Deux questions pour Monsieur Fouad Makhzoumi :
1- Que représente pour vous la résilience libanaise ?
2- Quelle est la place de cette résilience dans la Grande Méditerranée ?
L’explosion qui a secoué Beyrouth l’après-midi du 4 Aout a détruit le port de Beyrouth, le poumon du Liban et son ouverture vers l’extérieur, et a très fortement endommagé des quartiers entiers, Les conséquences sont désastreuses, énormes, gigantesques. Humaines, sociales économiques, et politiques, les retombées touchent mon pays en son cœur, car c’est l’explosion de trop, celle qui a secoué les Libanais et la conscience du monde entier.
Les voix s’élèvent de partout. Médecins, journalistes, artistes, s’unissent quid pour vomir la peur du lendemain, quid pour cracher la colère et la haine, quid pour pleurer et vouer cette classe politique aux pires gémonies, cette classe qui s’accroche au pouvoir depuis l’accord de Taëf et qui a mené le pays au désastre et à la faillite.
Trois jours avant l’explosion le ministre des affaires étrangères de la France, Jean Yves Le Drian constatant l’incurie et l’incompétence de la classe politique libanaise déclarait haut et fort : « aidez-nous à vous aider ». Il n’a pas été ni entendu, ni compris.
Il a fallu une explosion d’un autre type pour secouer les consciences. Cette tragédie supplémentaire due à une étincelle mais surtout à l’effondrement des institutions libanaises vient s’ajouter a une très grave crise économique et financière qui a mené le pays à la faillite, conséquences d’un endettement lourd, accompagné de mesures autant inefficaces qu’anti-constitutionnelles menées par la Banque du Liban, avec l’assentiment des banques commerciales libanaises qui ont ponctionné l’argent des déposants et ont contribué à enclencher le mouvement contestataire du 17 Octobre qui a vu une déferlante populaire d’une ampleur rarement vue. Ce soulèvement spontané, ce ras le bol a faibli à cause de la Pandémie du coronavirus, autre crise, sanitaire venue s’ajouter à la crise économique et financière que le champignon dévastateur qui a détruit la ville et déchiqueté les rêves d’une population a fini par jeter les libanais dans le désarroi.

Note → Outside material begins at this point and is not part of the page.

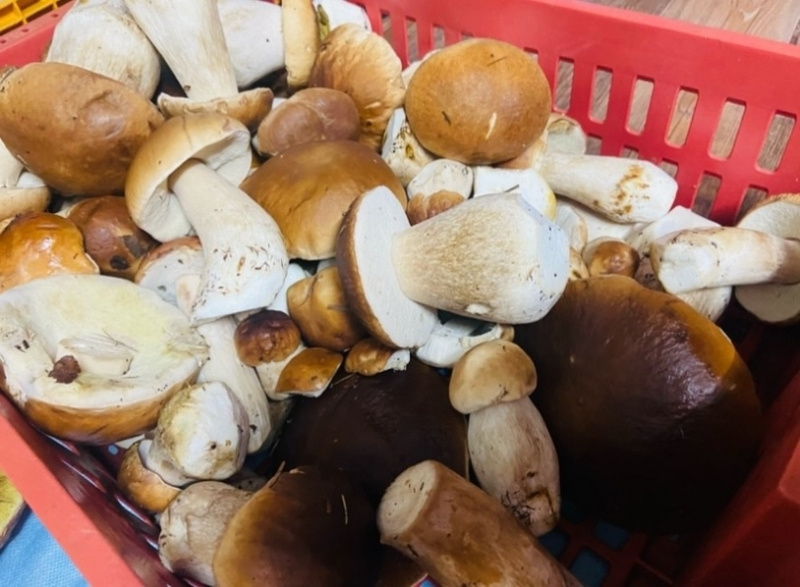    Леса Карелии переполнены белыми грибами«Фактор Новости»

Le Libanais, une personnalité à part
Les libanais souffrent des crises et des guerres a répétition depuis des dizaines d’années voire des centaines. Je dirais qu’ils sont nés sous cette étoile qui s’assombrit, mais qui continue à scintiller. Le Liban vit les tragédies dues à son histoire mouvementée et surtout à la géographie qui l’a placé à un carrefour géostratégique que les puissances et les empires ont de tout temps convoité. Terre de refuge des opprimés, la montagne libanaise a de tout temps accueilli les minorités fuyant les guerres et les génocides. Beyrouth avait aussi été un havre pour les opposants politiques et les objecteurs qui trouvaient dans cette ville cosmopolite un centre qui leur permettait de s’exprimer librement, mais aussi pour les hommes d’affaires de commercer avec le monde occidental et l’hinterland arabe.

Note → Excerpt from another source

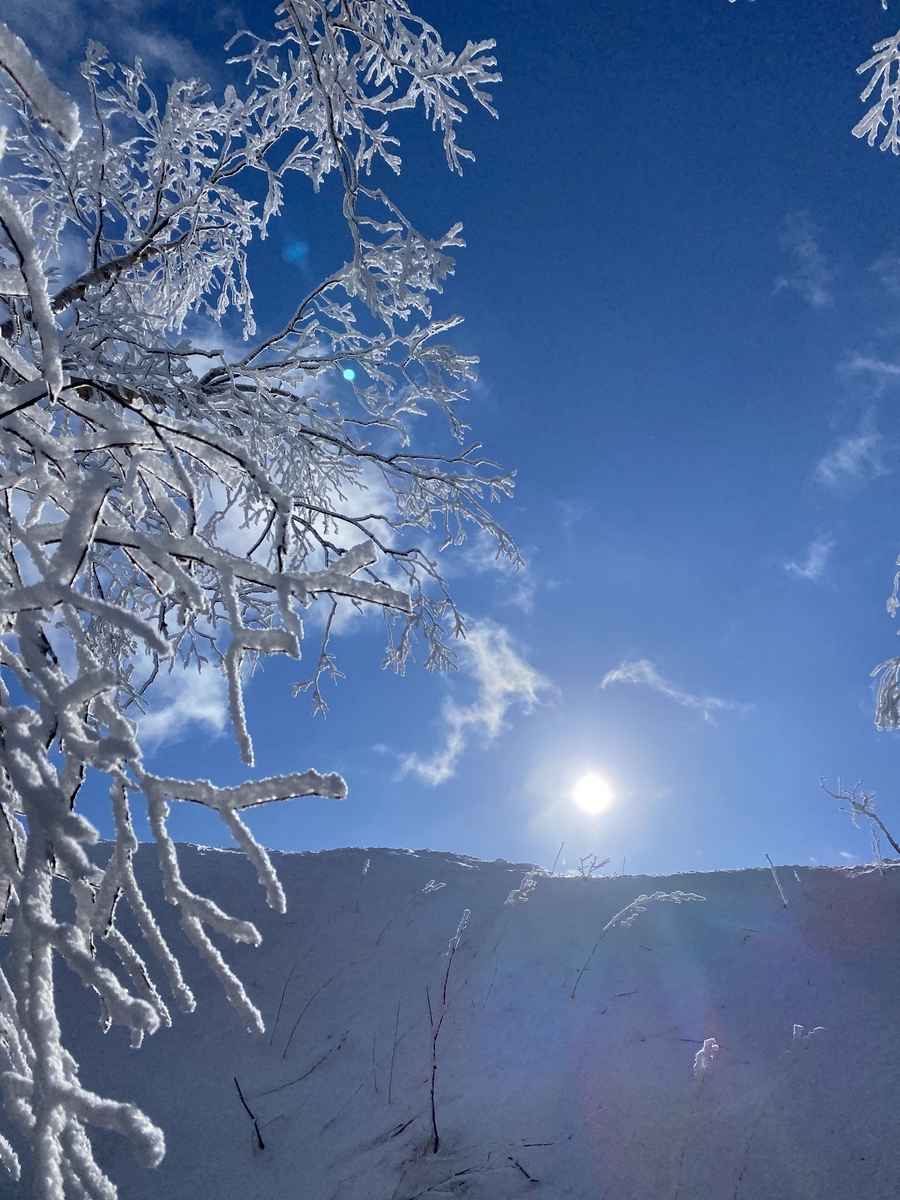 f:id:FST2:20210307214510j:plain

Le Libanais est l’héritier de cette géographie et de l’histoire. C’est une personnalité unique, à part. Depuis des générations, il a émigré vers les terres qui lui étaient inconnues, a sillonné les deux Amériques, l’Afrique, l’Europe, l’Australie, et même les pays d’Asie pour survivre et subsister. Le Liban compte quatre millions d’habitants mais plus du double d’émigrés qui partis depuis des générations ont construit des existences duelles dans les différents pays d’accueil. Certains se sont hissés aux plus hauts postes de l’Etat, ont construit des empires financiers. D’autres ont brillamment réussi dans la finance, la médecine, les arts, la mode, la littérature, la musique.
Le Libanais est résilient car au fil du temps, il s’est forgé une seconde nature. Depuis les Phéniciens, il est voué aux échanges et au commerce. Carrefour des civilisations, le Liban a été le seul pays du Moyen Orient à accueillir les écoles et les missions étrangères qui ont permis un rayonnement culturel sans pareil. Le Libanais moyen parle au moins deux langues et même trois, ce qui lui a permis une intégration facile et même naturelle dans les différents pays d’émigration surtout en Amérique et en Afrique.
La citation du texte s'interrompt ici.